Are you looking to boost your home energy efficiency? Start with Draught Proofing!
Draught-proofing is one of the cheapest and most effective ways to save energy – and money – in any type of building.
Controlled ventilation helps reduce condensation and damp, by letting fresh air in when needed. However, draughts are uncontrolled: they let in too much cold air and waste too much heat.
To draught-proof your home, you should block up unwanted gaps that let cold air in and warm air out. Saving warm air means you’ll use less energy to heat your home, so you’ll save money as well as making your home snug and warm.
You can draught proof your home with simple DIY measures. The main areas of focus for draught exclusion are doors, windows, floorboards and chimneys
For windows that open, buy draught-proofing strips to stick around the window frame and fill the gap between the window and the frame. There are two types:
- self-adhesive foam strips – these are cheap and easy to install, but may not last long
- metal or plastic strips with brushes or wipers attached, which are long-lasting, but cost a little more
Make sure the strip is the right size to fill the gap in your window. If the strip is too big, it will get crushed and you may not be able to close the window. If it’s too small, there will still be a gap.
For sliding sash windows, foam strips do not work well. It’s best to fit brush strips or consult a professional. For windows that don’t open, use a silicone sealant. If you’re thinking of replacing your windows, consider installing energy efficient windows.
Draught-proofing external doors can stop a lot of heat from escaping, and won’t cost you much. There are four main areas to consider draught-proofing:
- keyhole – buy a purpose-made cover that drops a metal disc over the keyhole
- letterbox – use a letterbox flap or brush, but remember to measure your letterbox before you buy
- gap at the bottom – use a brush or hinged flap draught excluder
- gaps around the edges – fit foam, brush or wiper strips like those used for windows
Internal doors need draught-proofing if they lead to a room you don’t normally heat, such as your spare room or kitchen. Keep those doors closed to stop the cold air from moving into the rest of the house. If there is a gap at the bottom of the door, block it with a draught excluder – you can make one stuffed with used plastic bags or bits of spare material.
If you don’t use your fireplace, your chimney is probably a source of unnecessary draughts. There are two main ways to draught-proof a chimney:
- fit a cap over the chimney pot – this might be better done by a professional
- buy a chimney draught excluder – these help stop draughts and heat loss through the chimney, and are usually fitted inside the chimney or around the fireplace (chimney sheep).
Its important to remember to remove the draught-proofing if you decide to light a fire!
- Floorboards and Skirting Boards
You can block cracks in your floor by squirting filler into the gaps.
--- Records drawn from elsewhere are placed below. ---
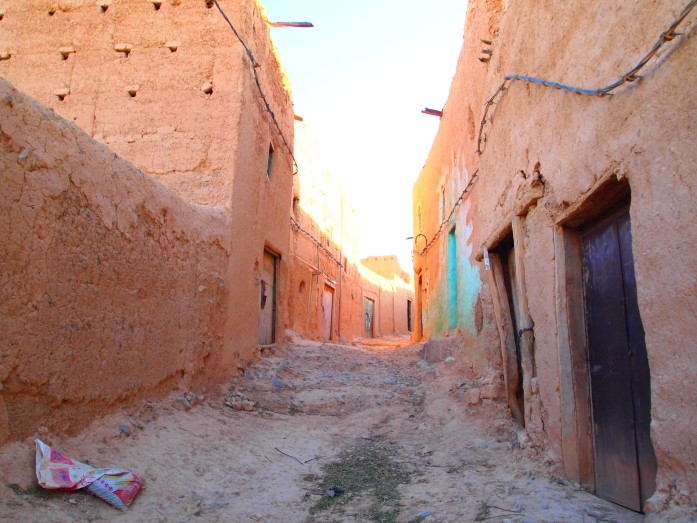The homes in Bremmen village is built in the traditional Berber way with adobe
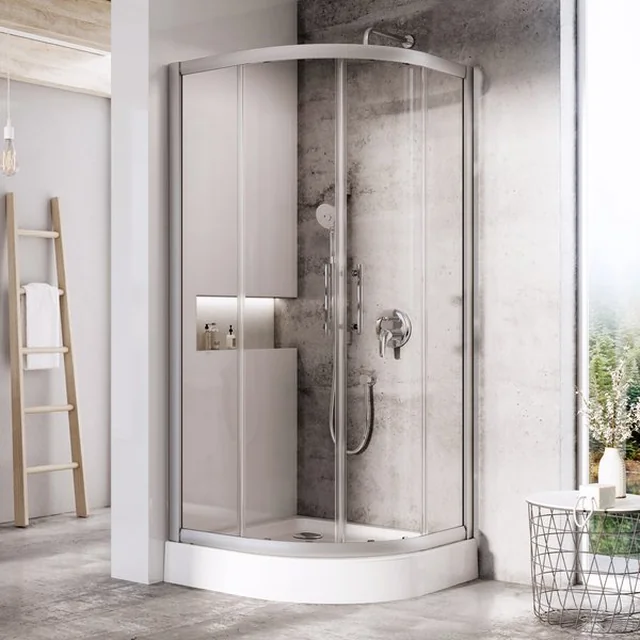 Semicircular shower cabin Ravak X-Point, XU1CP4-90 aluminum+Transparent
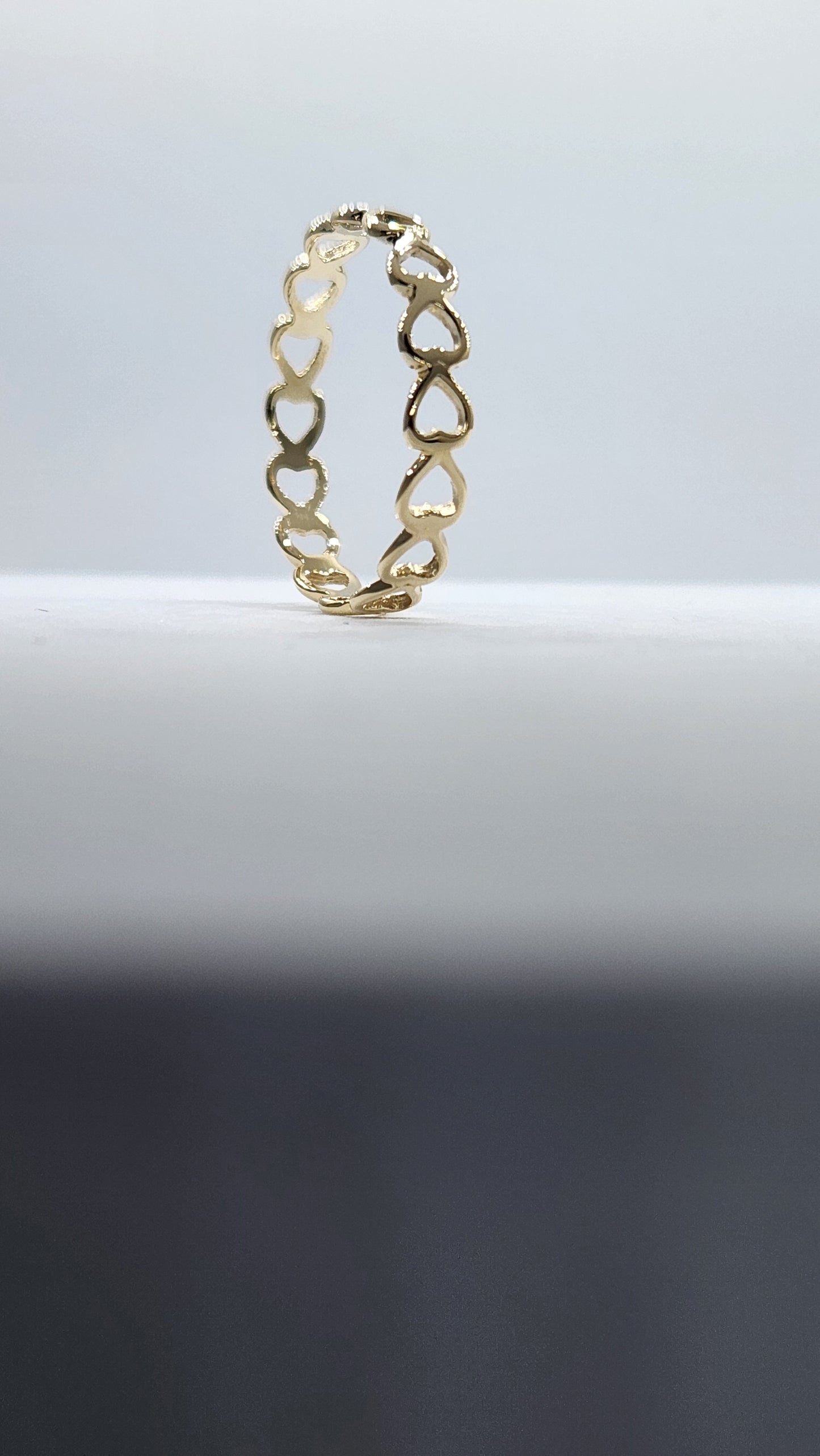 Solid Yellow Gold Adjustable Hearts Design Ring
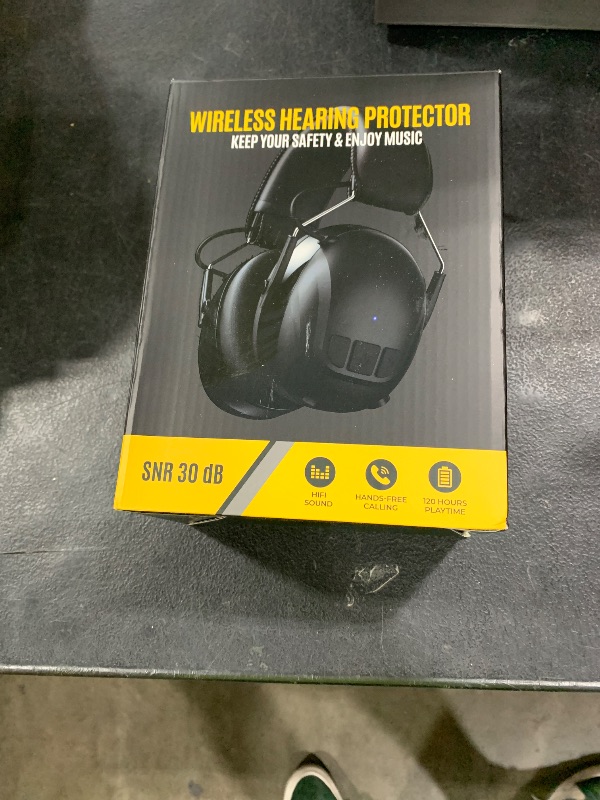 Photo 1 of Kalence Bluetooth 5.4 Hearing Protection with 120H Working Time, 30dB Safety Earmuffs, Rechargeable Ear Protection Headphones with Mic for Mowing, Workshops, Construction, Snowblowing, Black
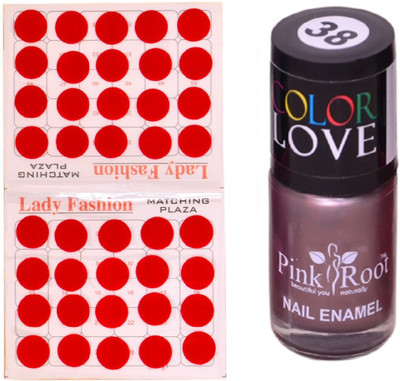 

Pink Root Nail Polish No. 38 (15ml) Lady Fashion No. 07 Red Bindi(Set of 2)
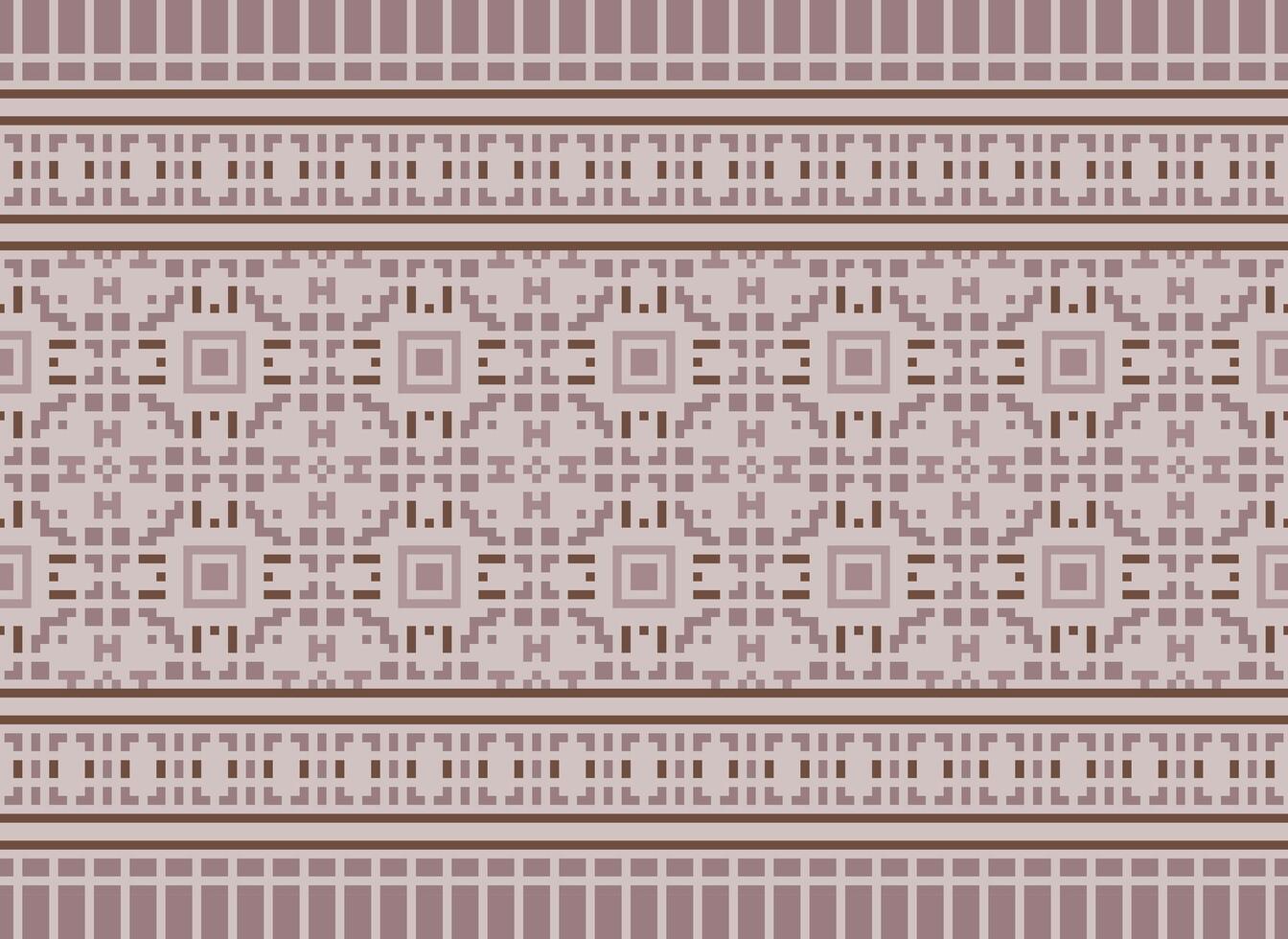A Floral pixel art pattern on grey background.geometric ethnic oriental embroidery vector illustration. pixel style, abstract background, cross stitch.design for texture, fabric, cloth, scarf, print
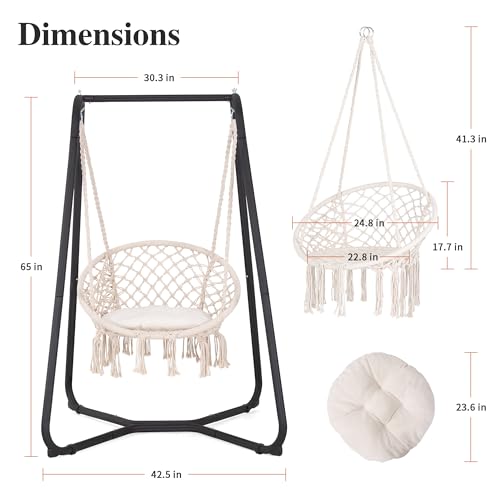 Hammock Chair with Stand, 330 lbs Capacity, Grey U9195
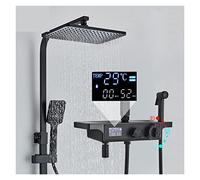 Sistema Doccia, Rubinetto doccia termostatico nero a cascata Display digitale Set bidet Ruota vasca con gru a mensola(Black Hot Cold)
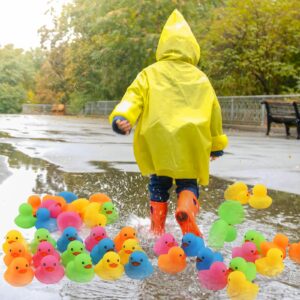 50Pcs Mini Rubber Duck Bath Toys, Multicolor Bath Ducks Bulk Float Duck Baby Bath Toy for Shower Birthday Party Favors Gift Classroom Summer Beach Pool Party Games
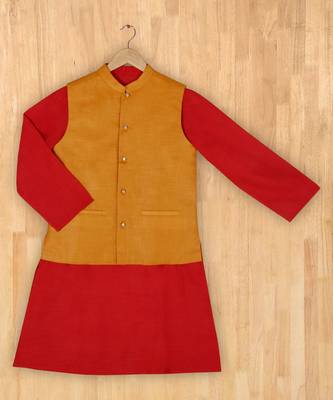 red plain linen boys kurta 1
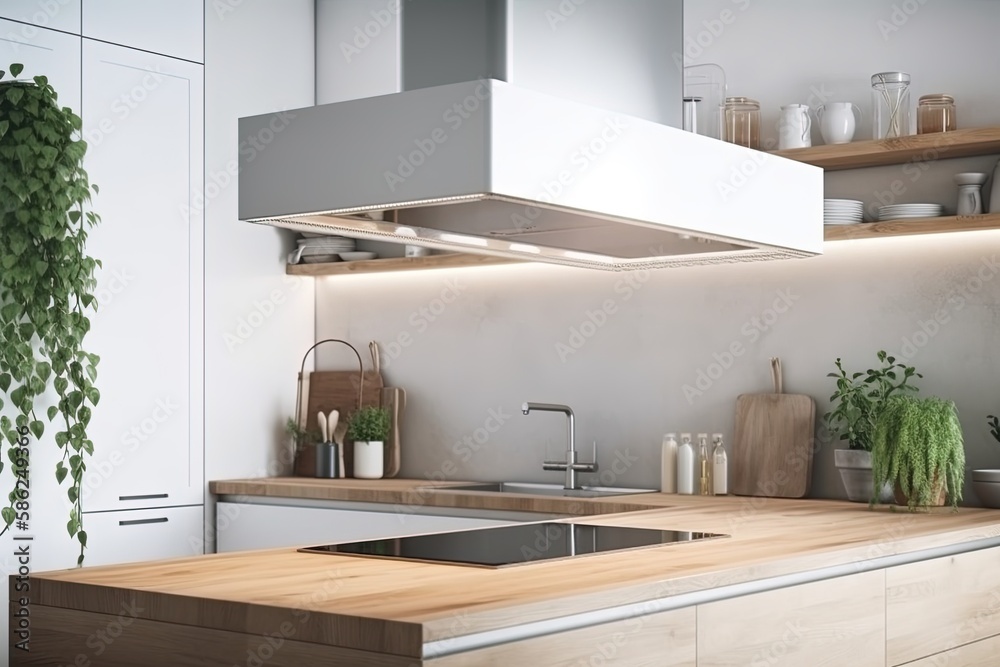 Silver cooker hood in minimal white kitchen interior with plant on wooden  countertop. Real photo Generative AI Stock Illustration | Adobe Stock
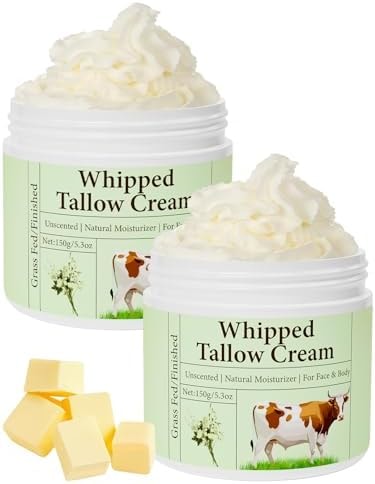 mkzea Beef Tallow for Skin, Beef Tallow, Grass Fed Beef Tallow, Whipped Beef Tallow for Face Moisturizer for All Purpose Tallow Balm, 2 packs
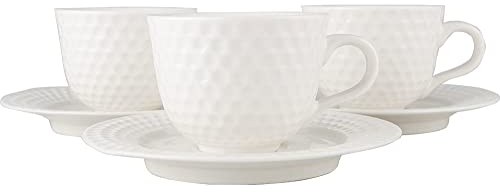 Bavary Set de café | Design Golf | pour 6 personnes | Porcelaine fine | Blanc 6 tasses + 6 soucoupes Profitez du service service à café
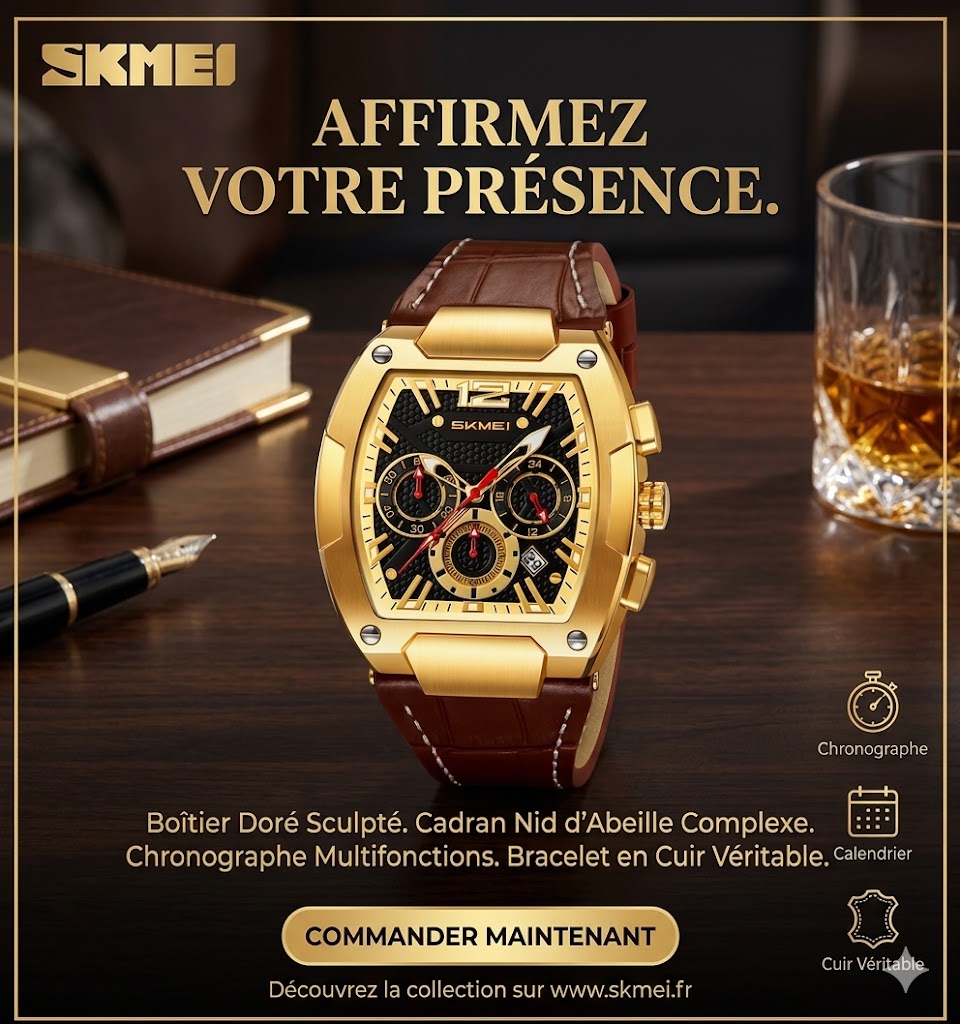 SKMEI 9357 – MONTRE HOMME LUXE CADRAN BARIL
Floorboards and skirting boards often contract, expand or move slightly with everyday use, so you should use a filler that can tolerate movement – these are usually silicone-based. Look for the following products:
- flexible fillers
- decorator’s caulk
- mastic-type products
Fillers come in different colours, and for indoor and outdoor use. They block gaps permanently so be careful when you apply them – wipe off any excess with a damp cloth before it dries. Fillers may break down over time, but can easily be reapplied.
Check whether you also need to insulate between the skirting board and the floor.
- Loft Hatches
Hot air rises and gets lost in the cold space in your loft or attic, so it’s worth blocking off draughts around your loft hatch. Use strip insulation, as you would on a door.
You can fill small gaps around pipework with silicone fillers, similar to the fillers used for skirting boards and floorboards. Fill larger gaps with expanding polyurethane foam. This is sprayed into the gap, expands as it dries, and sets hard.
- Cracks in walls
You can fill in small cracks using cements or hard-setting fillers. These will work around electrical fittings on walls and ceilings and at ceiling-to-wall joists.